Oh and BTW, firms are always keen to big up their CSR drivers: most sizeable firms have a corporate social responsibility programme to ensure that they have a positive impact on, for example, their local communities.

All talk and no trousers

That said, the term 'CSR' unfortunately fits into the category of management speak. Roughly translated, CSR is the term law firms use to describe the work they do to boost their image and help show that they are not a big, evil corporation. But instead of calling a spade a spade, some time ago a senior partner with creative flair threw the term up a flagpole to see if anyone saluted it. All the major corporations and law firms sounded their bugles and hollered "sir, yes sir!" (In case you were wondering, the flag metaphor is standard management speak.)

As well as incomprehensible turns of phrase invented by law firms, you might want to touch base with one of a thousand hilarious clichés. Moving forward, we invite you to consider your work-life balance which you can only do if you think outside the box and don't suffer from a skills gap, moving forward. That latter, useful phrase can be tacked onto anything, so, moving forward, don't fall into the trap of using it (too often). National firm Eversheds must have a special mention here though: in October 2007 the firm's graduate recruitment drive coined a groundbreaking lexicon comprising key skills spliced together to form whole new words. The firm was on the look out for winnomats (winning diplomats) and proactilopers (proactive developers)...

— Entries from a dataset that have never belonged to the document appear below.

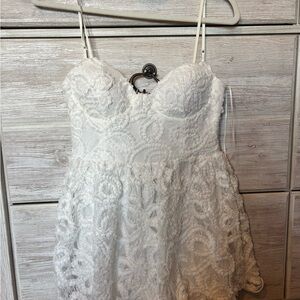 Elegant White Lace Romper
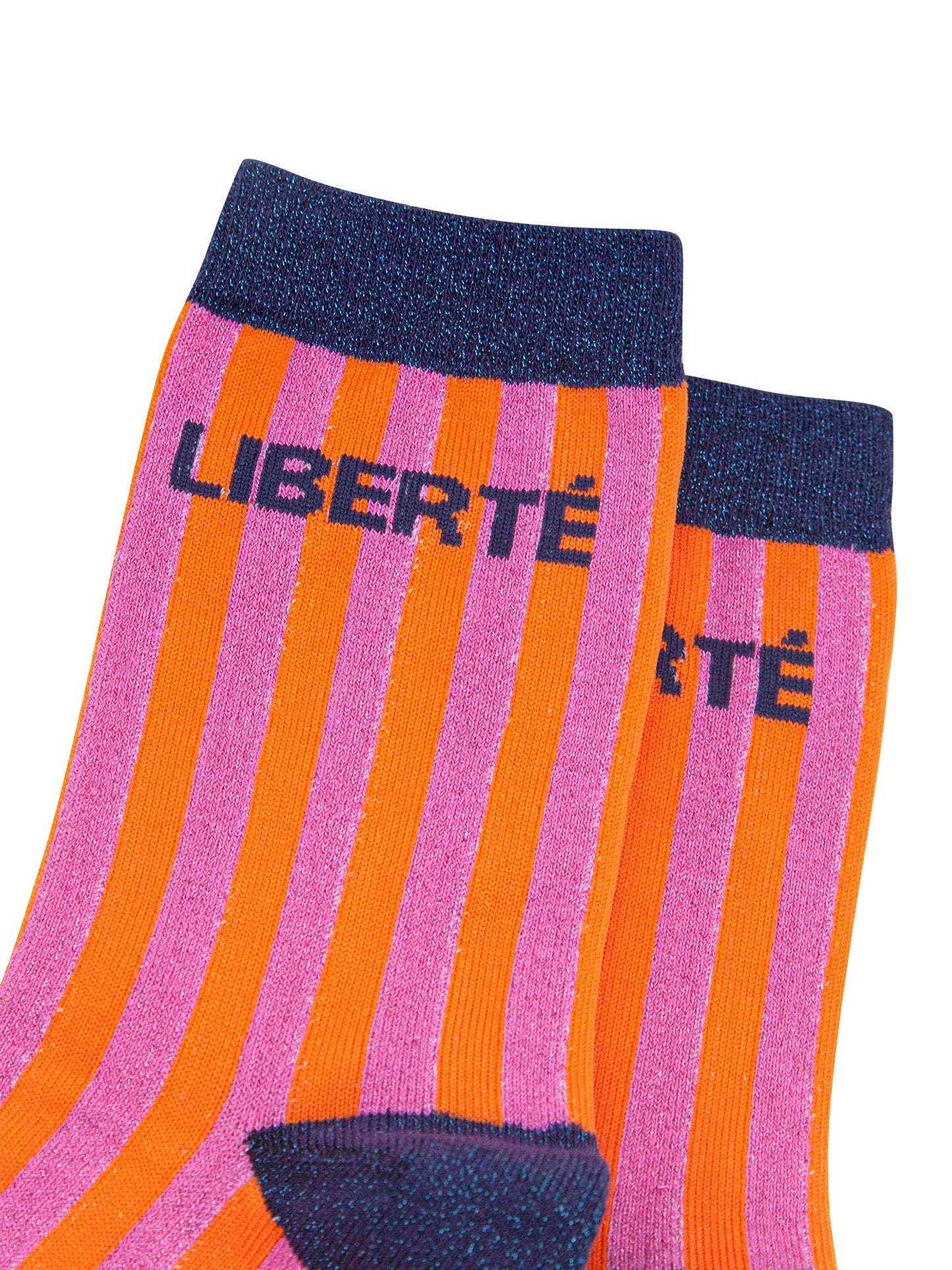 Liberte-Stripes-Combed-Cotton-Glitter-Socks-in-Pink-Blue-close-up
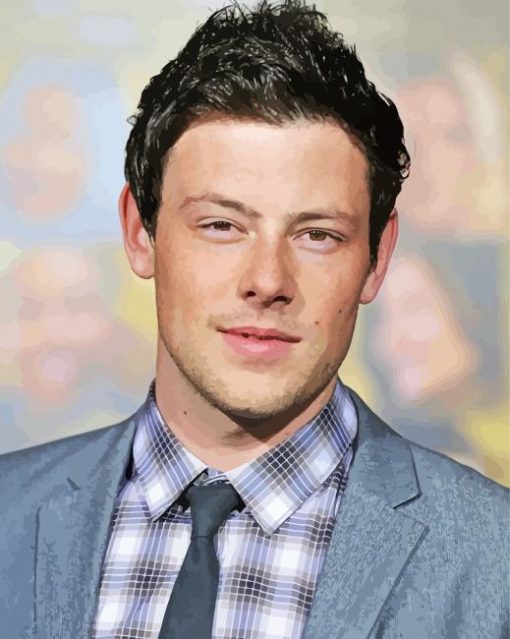 The Canadian Actor Cory Monteith Diamond Painting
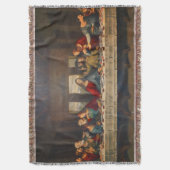 The Last Supper by Leonardo da Vinci Deken (Voorkant Verticaal)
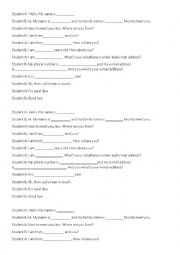 English Worksheet: Conversation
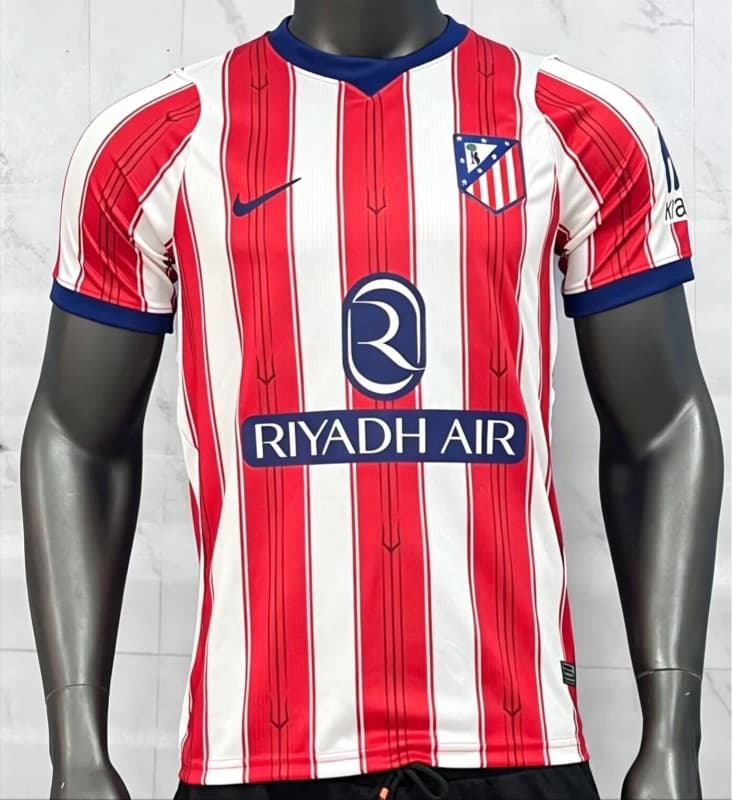 Thailand Quality(AAA) 26/27 Atletico Madrid Home Soccer Jersey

Indiana Jones and the Quest for the Restrictive Covenant

If you thought it was only big businesses that needed big words, think again. High-street lawyers and those specialising in, say, housing, employment and family law, also work with their own jargon. Housing solicitors talk in terms of HCRs (the optional home condition report) and EPCs (energy performance certificates), and they previously had to get to grips with the now-suspended HIPs (home information packs). And there are all sorts of curious terms to do with land law in general. Although a restrictive covenant sounds like something Indiana Jones might go in search of, it's actually a rule forbidding the owner of a property from doing something such as altering the property's appearance.

Wills throw up a whole new scroll of legal jargon: from executors (the person who administers a will) to chattels (personal possessions) and testators (the person making his/her will). However, before your will becomes relevant, you could find yourself somewhere between living and dead (ie, unemployed), in which case you might want to bring a claim against a former employer. You'll need an ET1, which might look alien but is actually just a form to lodge your complaint with the employment tribunal - a special kind of court where employment issues are heard. There are plenty of laws that protect employees' rights so that they're not duped when their company changes hands, for example TUPE regulations - or the transfer of undertakings (protection of employment).

Happy talk

Our trip through different terminology may have been light of heart, but there is a serious message: it is important to be able to speak professionally, clearly and using the correct terminology. Recruiters and partners will be able to tell that you know what you're letting yourself in for if you use the words they use. But there's a difference between sounding erudite and coming off as a pompous pest.

To give yourself a good grounding in commercial legal terms, read our Burning Question section - which is updated every week. It never hurts to take a look at the financial and business press too. And remember that when you arrive at your interview you're being observed the moment you meet the vice president of first impressions - although some firms still call them the receptionist.